BEGIN Study material

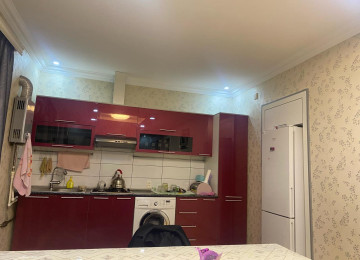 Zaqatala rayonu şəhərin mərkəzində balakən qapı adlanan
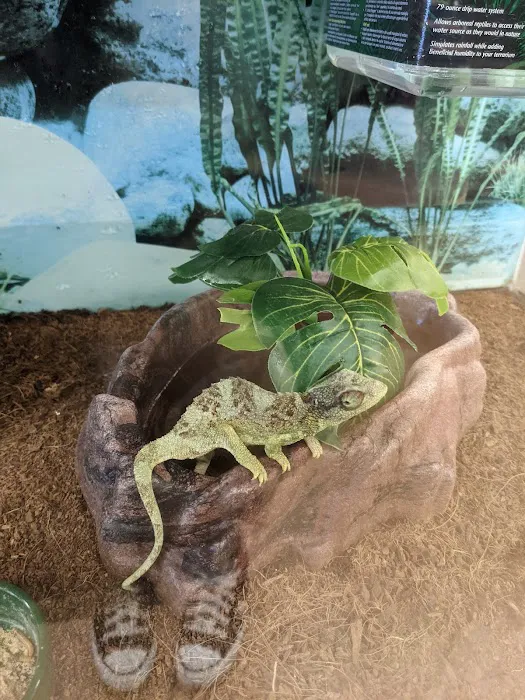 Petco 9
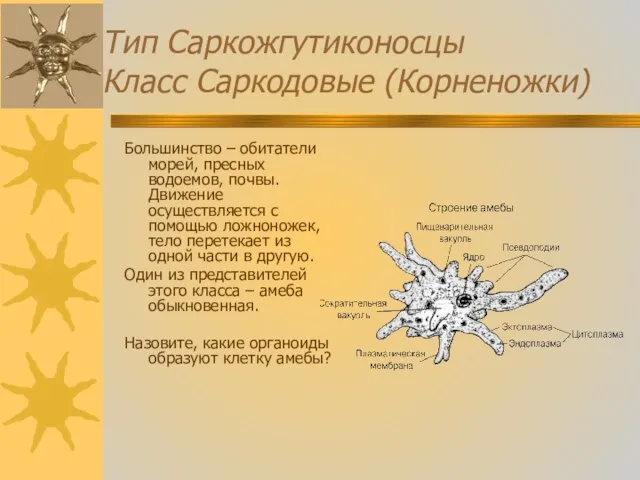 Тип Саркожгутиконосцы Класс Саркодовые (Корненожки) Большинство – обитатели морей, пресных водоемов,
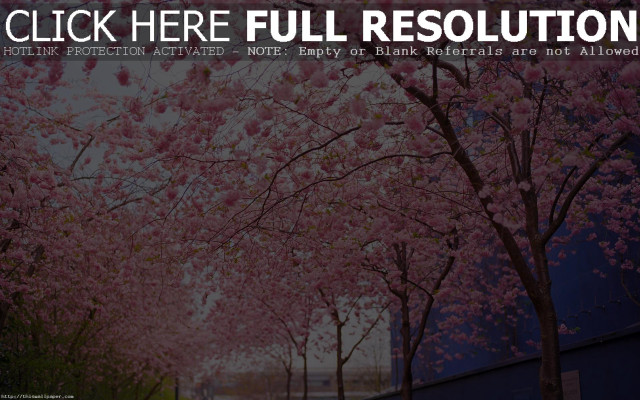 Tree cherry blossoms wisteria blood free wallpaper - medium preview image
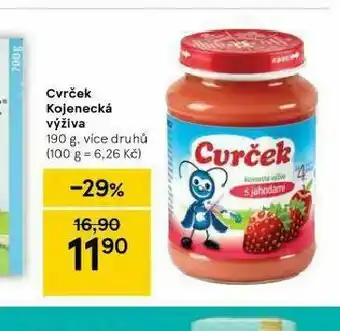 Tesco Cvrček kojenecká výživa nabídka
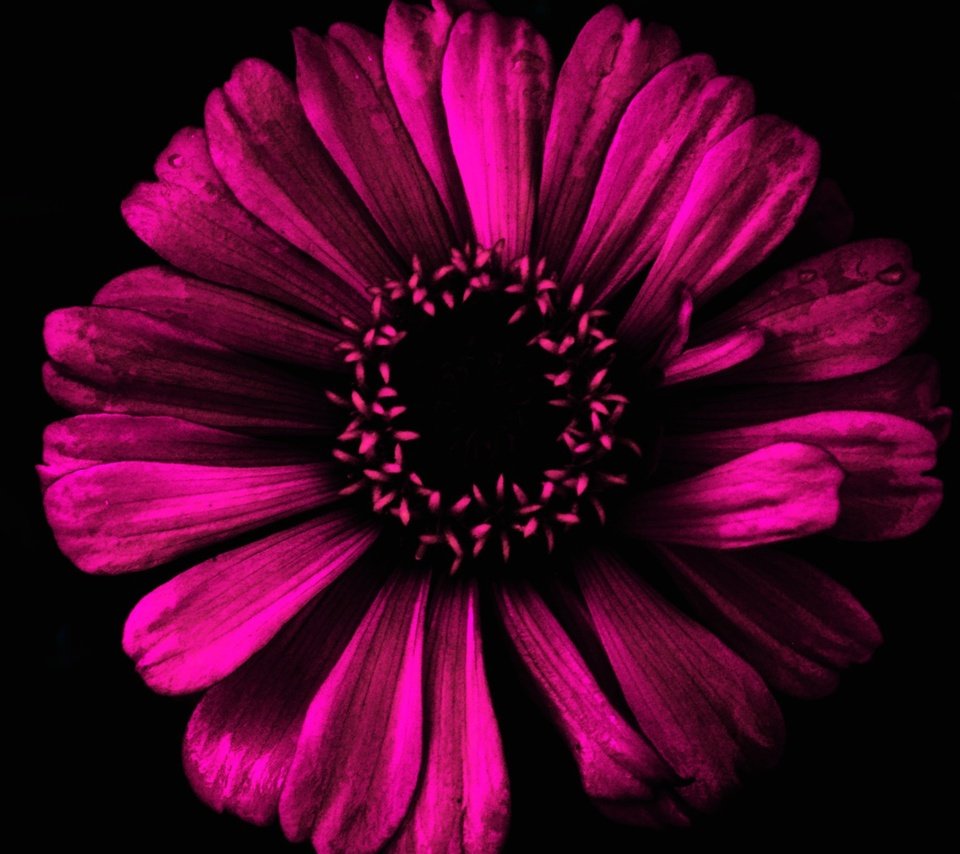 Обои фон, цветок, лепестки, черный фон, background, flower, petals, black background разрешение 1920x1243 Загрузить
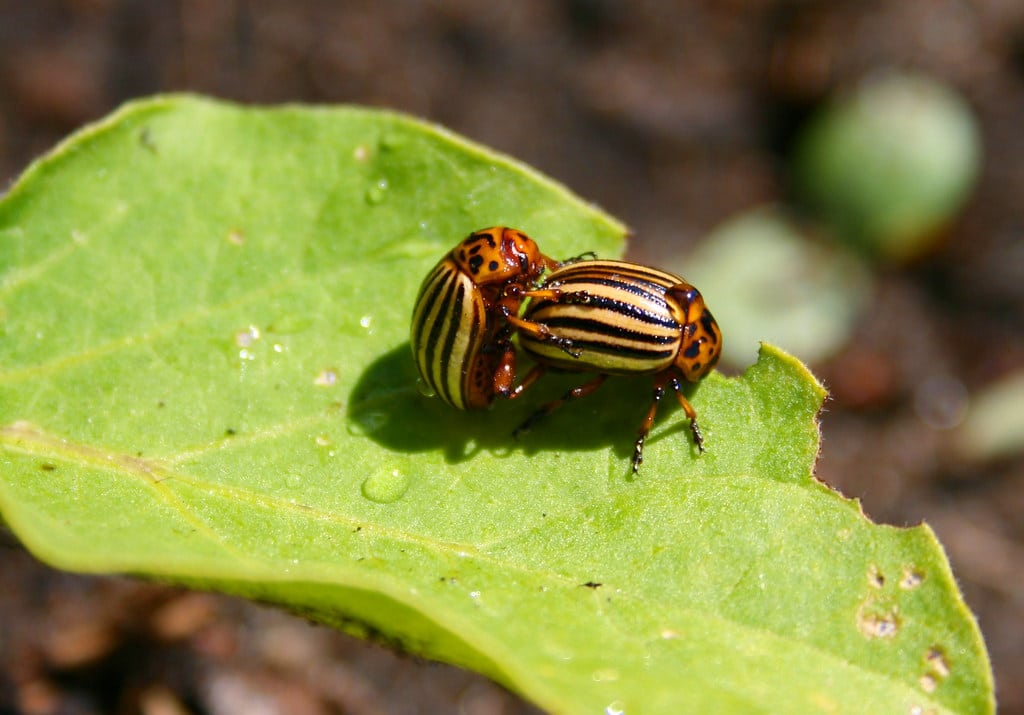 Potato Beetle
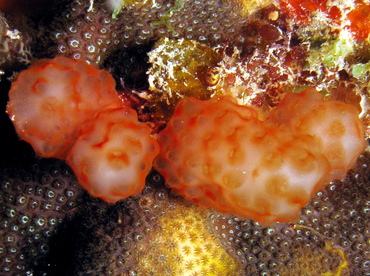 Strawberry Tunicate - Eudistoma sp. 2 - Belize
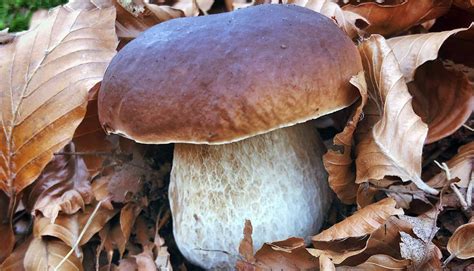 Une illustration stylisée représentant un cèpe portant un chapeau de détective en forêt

END Study material

◆ **Task to carry out**: Write every record out again exactly; no pictures belong in the copy.

◆ **Task response**:
 Zaqatala rayonu şəhərin mərkəzində balakən qapı adlanan
 Petco 9
 Тип Саркожгутиконосцы Класс Саркодовые (Корненожки) Большинство – обитатели морей, пресных водоемов,
 Tree cherry blossoms wisteria blood free wallpaper - medium preview image
 Tesco Cvrček kojenecká výživa nabídka
 Обои фон, цветок, лепестки, черный фон, background, flower, petals, black background разрешение 1920x1243 Загрузить
 Potato Beetle
 Strawberry Tunicate - Eudistoma sp. 2 - Belize
 Une illustration stylisée représentant un cèpe portant un chapeau de détective en forêt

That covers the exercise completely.